Design caching strategy
Step 1 - Identify what to cache:
- Expensive reads that change infrequently (user profiles, product catalog)
- Computed aggregations (dashboard stats, leaderboards)
- Session tokens and auth lookups
Do NOT cache: frequently mutated data, financial balances, anything requiring strong consistency.
Step 2 - Choose pattern:
- Default: cache-aside with TTL
- Strong read-after-write: write-through
- High write throughput, loss acceptable: write-behind
Step 3 - Define invalidation:
- TTL expiry for most cases
- Explicit DELETE on write for cache-aside
- Never try to update a cached value in-place; DELETE then let the next read repopulate
Step 4 - Prevent stampede:
- Use a distributed lock (Redis SETNX) for high-traffic keys
- Add jitter to TTLs (base TTL +/- 10-20%) to spread expiry
Anti-patterns / common mistakes
| Mistake | Why it's wrong | What to do instead |
|---|---|---|
| Designing without clarifying requirements | You optimize for the wrong bottleneck and miss key constraints | Always spend 5 minutes on scope: scale, consistency needs, latency SLAs |
| Sharding before replication | Sharding is complex and expensive; replication + caching handles most read bottlenecks | Add read replicas and caching first; only shard when writes are the bottleneck |
| Shared database between services | Creates hidden coupling; one service's slow query can kill another | One database per service; expose data through APIs or events |
| Cache without invalidation plan | Stale reads cause data inconsistency; cache-DB drift grows silently | Define TTL and invalidation triggers before adding any cache |
| Ignoring the tail: all QPS estimates as average | p99 latency matters more than p50; a 2x peak multiplier is the minimum | Always model peak QPS (2-3x average) and design capacity for it |
| Single point of failure at every layer | Load balancer with no standby, single queue broker, one region | Identify SPOFs explicitly; add redundancy for any component whose failure kills the system |
Gotchas
CAP theorem is about partitions, not a free choice - You cannot "choose" to sacrifice partition tolerance. P is always present in distributed systems. The real choice is between C and A when a partition occurs. Framing it as a three-way trade-off is wrong.
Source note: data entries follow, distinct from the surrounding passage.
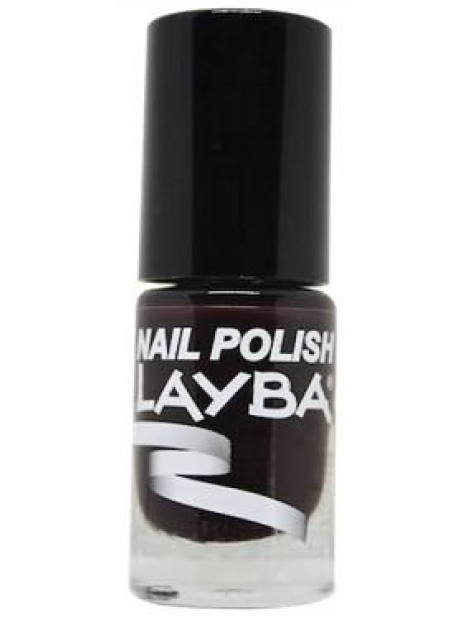 Layla Layba Smalto 5Ml - 1053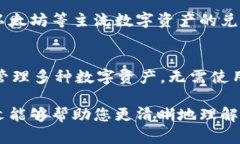   在TP钱包中创建NEO公链的详细指南 /  guanjianci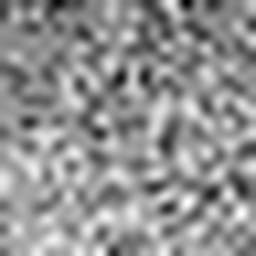 1612284584_1 @ 3.0969 µm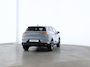 Renault Symbioz 1.8-160pk E-Tech Full Hybrid 160 'Techno' AUTOMAAT ! Fijne en comfortabele hoogzitter met slechts 8.250km ! Autm. airco, LED verlichting, cruise control, keyless, navigatie, bluetooth telefoonvoorb., boordcomputer, digitaal dashb. etc.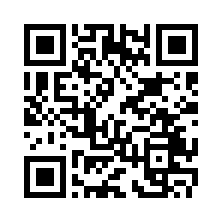 QR Code for bitcoin:1MeqmRhWThSLmtUFP56EL95FzLzqyi93bB
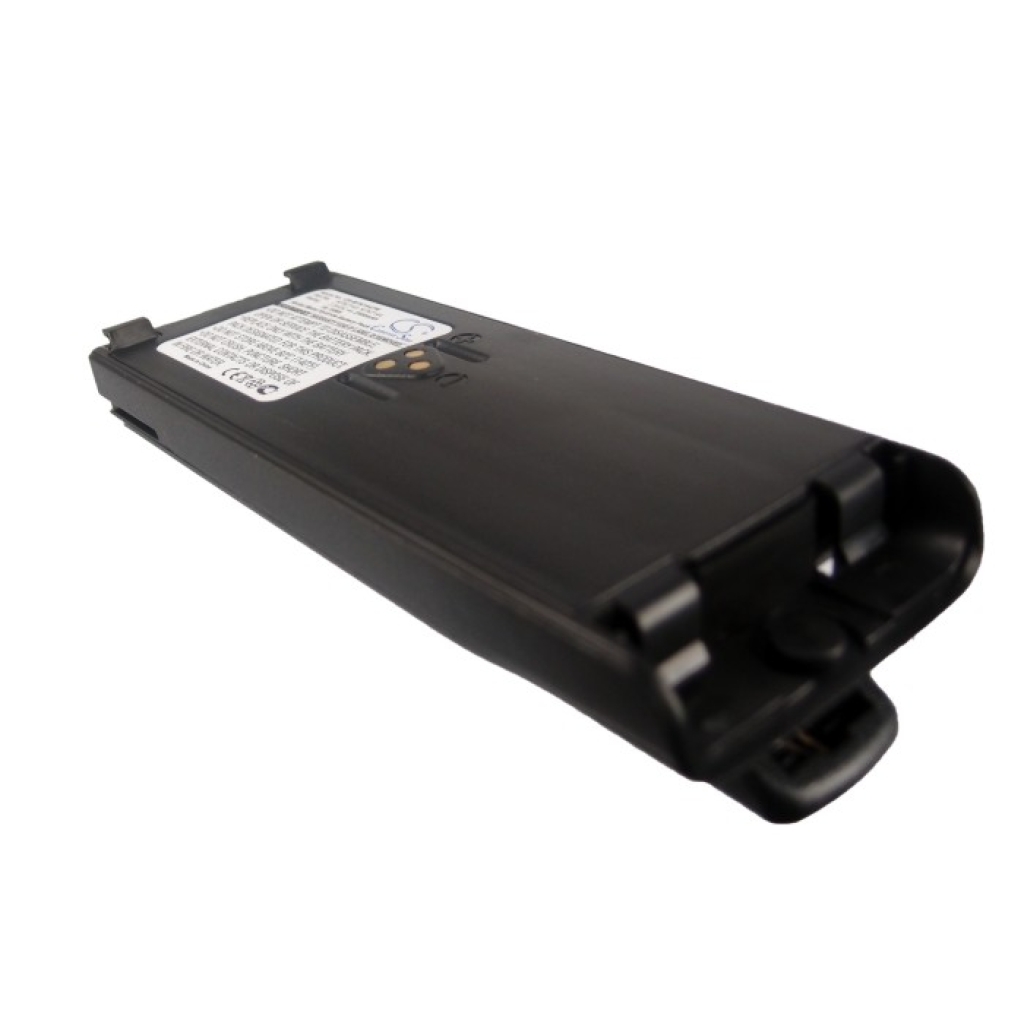 Batteria radio bidirezionale Motorola CS-MTK144TW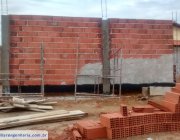 5ª CASA EM JARDIM CAMPO GRANDE - CARIACICA E.S.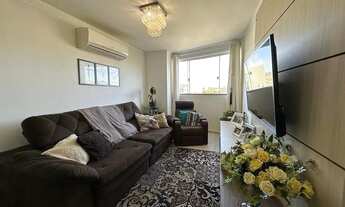 Imagem 3: Apartamento TIMBÓ - SC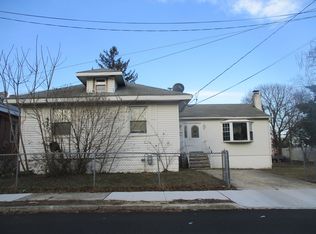 110 Willard Ave, Pleasantville, NJ 08232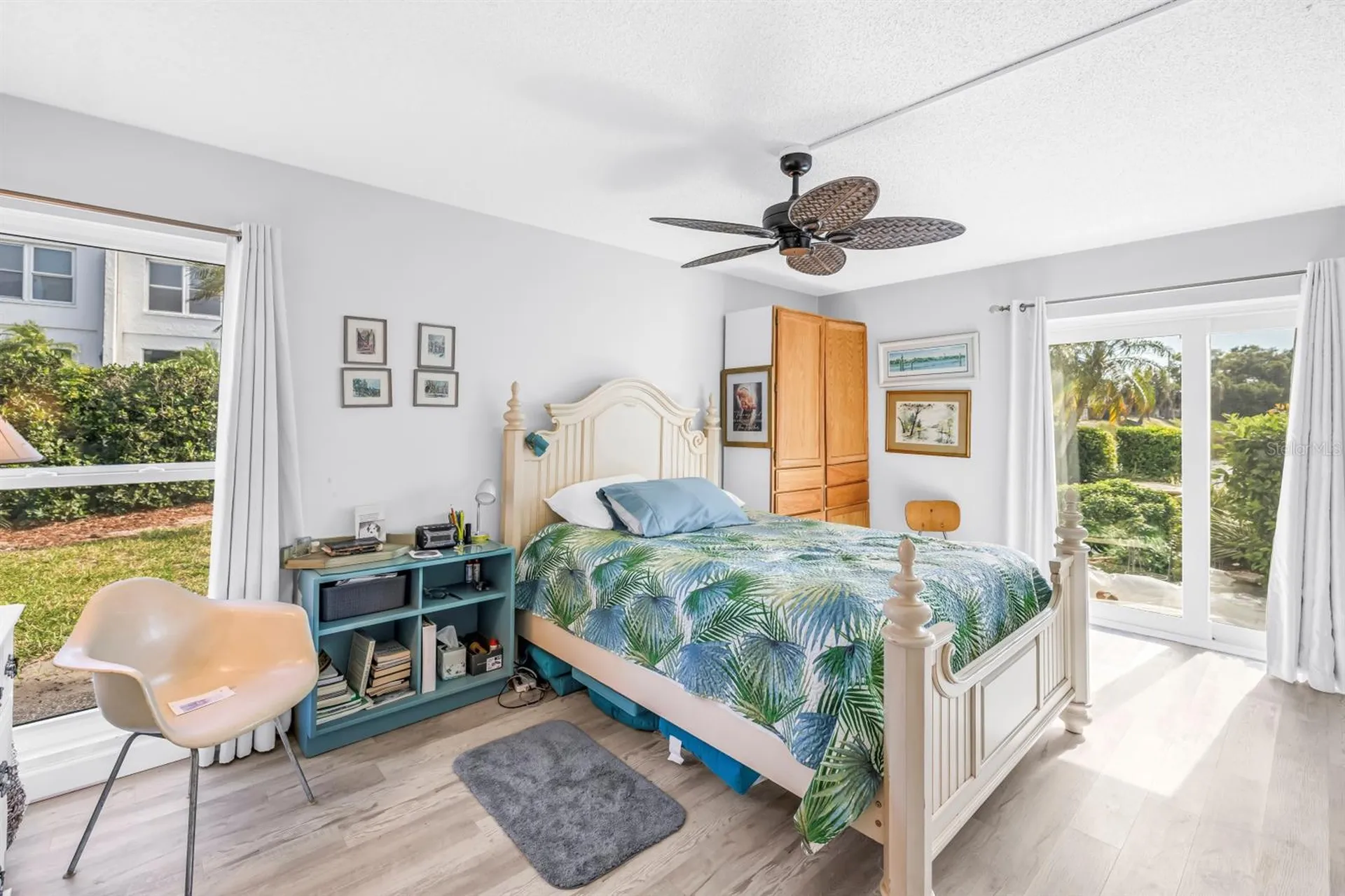 1655 S Highland Avenue Clearwater FL 33756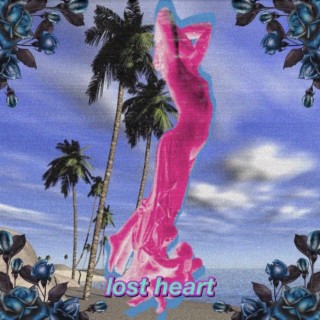 lost heart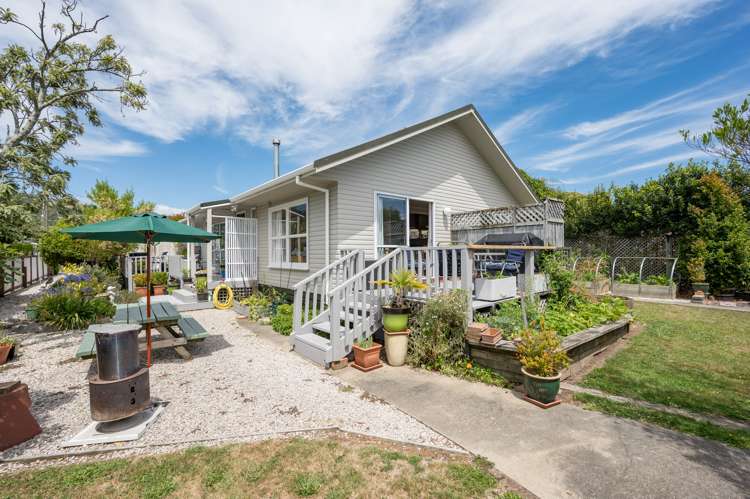 35 Roto Street Tahunanui_17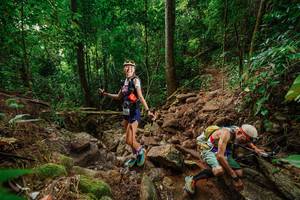 BIB: 
                            <button type="button" onclick="openModal(22439070)" class="btn btn-primary btn-sm float-right btn-popup" data-toggle="modal" data-target=".modal-high-quality">
                        <i class="fas fa-shopping-cart"></i> Add to Cart
                    </button>
                                            <button type="button" onclick="isThisMe(22439070, true)" class="btn btn-success btn-sm float-right btn-popup btn-isme hidden" data-toggle="tooltip" data-placement="bottom" title="นี่คือรูปของคุณใช่ไหม คลิกที่นี่เพื่อเอาเข้าอัลบั้ม">
                        <i class="fas fa-plus"></i> Add to album
                    </button>
                    <button type="button" onclick="isThisMe(22439070, false)" class="btn btn-warning btn-sm float-right btn-popup btn-isnotme hidden">
                        <i class="fas fa-ban"></i> Remove from album
                    </button>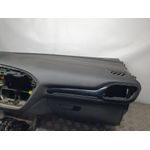 Kit Airbag Para Ford Fiesta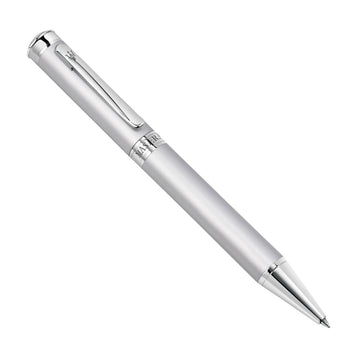 Penna a sfera Maserati Sporty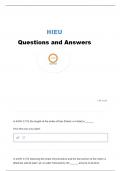ACI FIELD TESTING TECHNICIAN PROFICIENCY EXAM &lpar;CP-1&rpar; QUESTIONS AND ANSWERS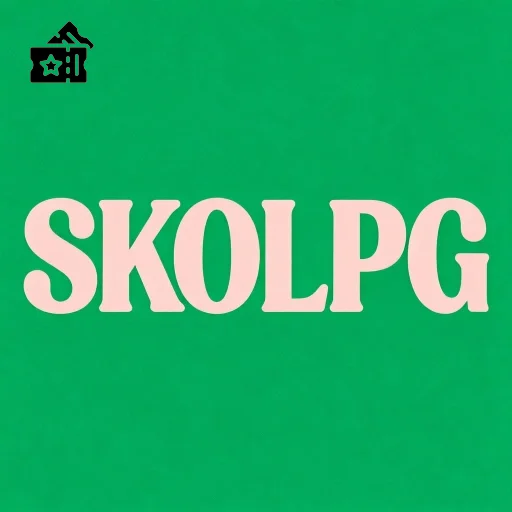 Jogos de loteria online na skolpg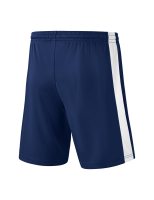 Erima Retro Star Shorts Kids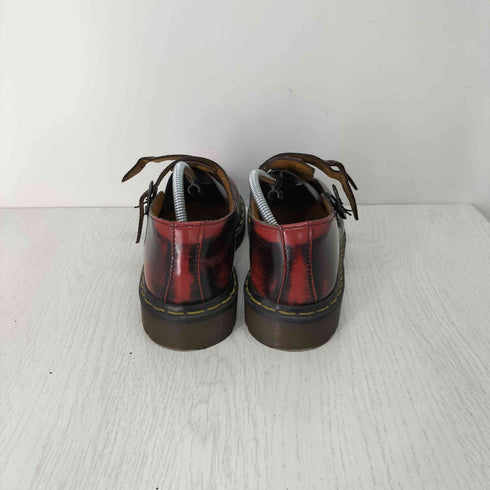 ドクターマーチン Dr.Martens 8065 メリージェーンシューズ レディース UK6 / 25cm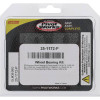 Pivot Works Pw Premium Wheel Bearing - 25-1172-P Photo - Primary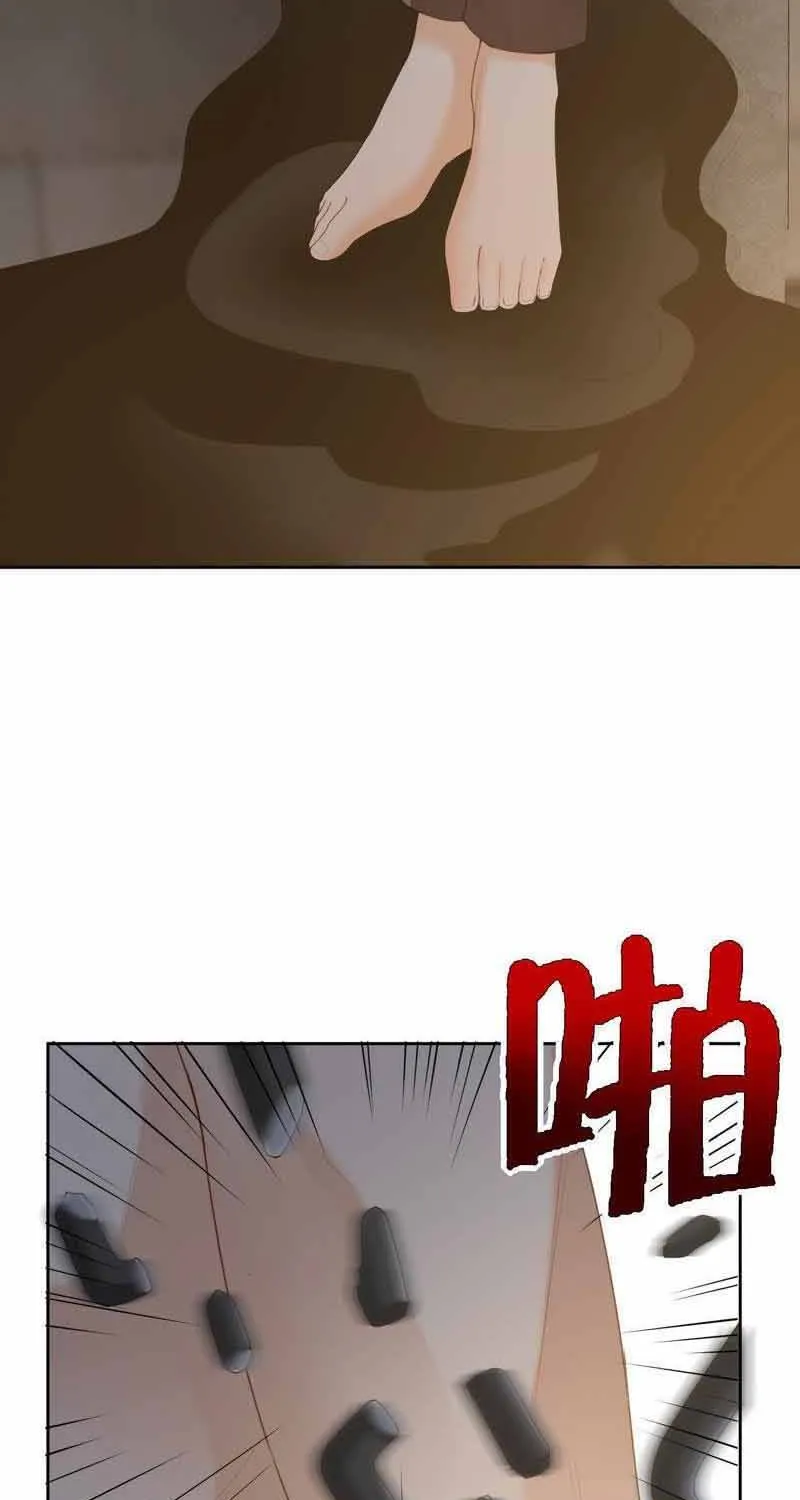 Ngàn Năm Bảo Hộ Đại Nhân Chap 41 - Next Chap 42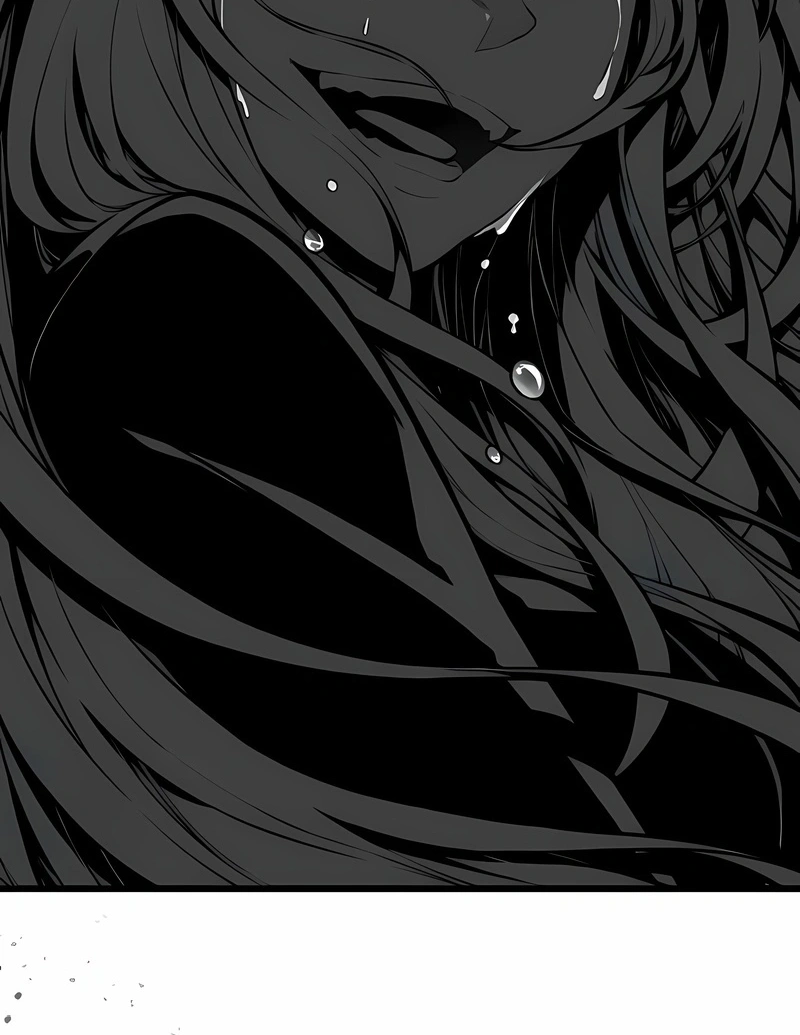 Read Bad Born Blood PT Manga Online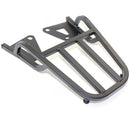 ffffffffffffffdffe2ffc87e707804be325f892fe48ff25ff83ffe7ffffffff0000000000001c00002b2b0b0000001c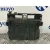 Caja Reles / Fusibles para Peugeot 206 Berlina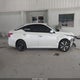 1N4BL4EV8KC167547 2019 Nissan Altima 2.5 Sl auction photo thumbnail 13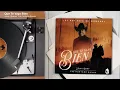 Julión Álvarez Y Su Norteño Banda - Que Te Vaya Bien (Audio)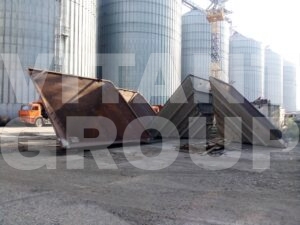VITANT-GROUP-galereya_html_748ce0b0-300x225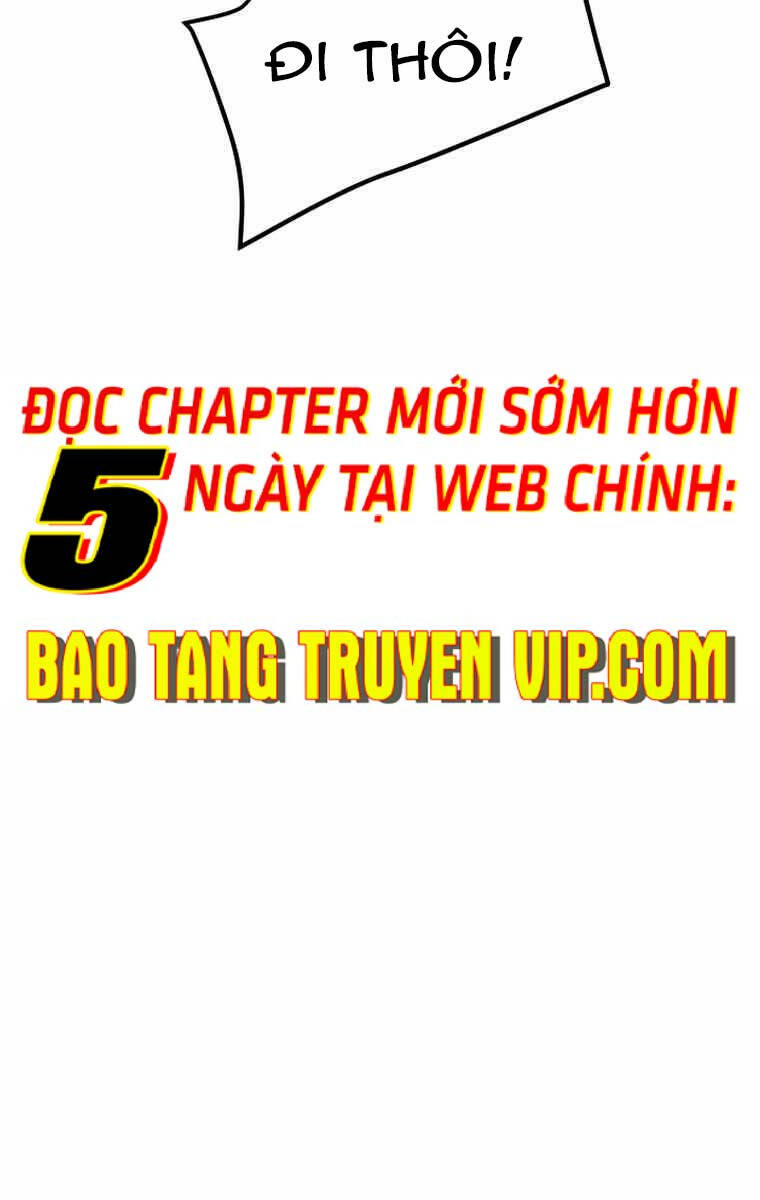 Phong Lôi Kiếm Chapter 86 - Trang 92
Caching invalidation is the hard part, not caching itself - Most designs add Redis without defining when data becomes stale. The moment a cache-aside entry is written, define the exact condition that invalidates it. "We'll figure that out later" causes stale reads in production.
Read replicas have replication lag - Writes go to the primary; reads from replicas may be 10-100ms stale. If you route reads to replicas immediately after writes (e.g., "create, then fetch profile"), users will see the old version. Use read-after-write consistency or route critical reads to primary.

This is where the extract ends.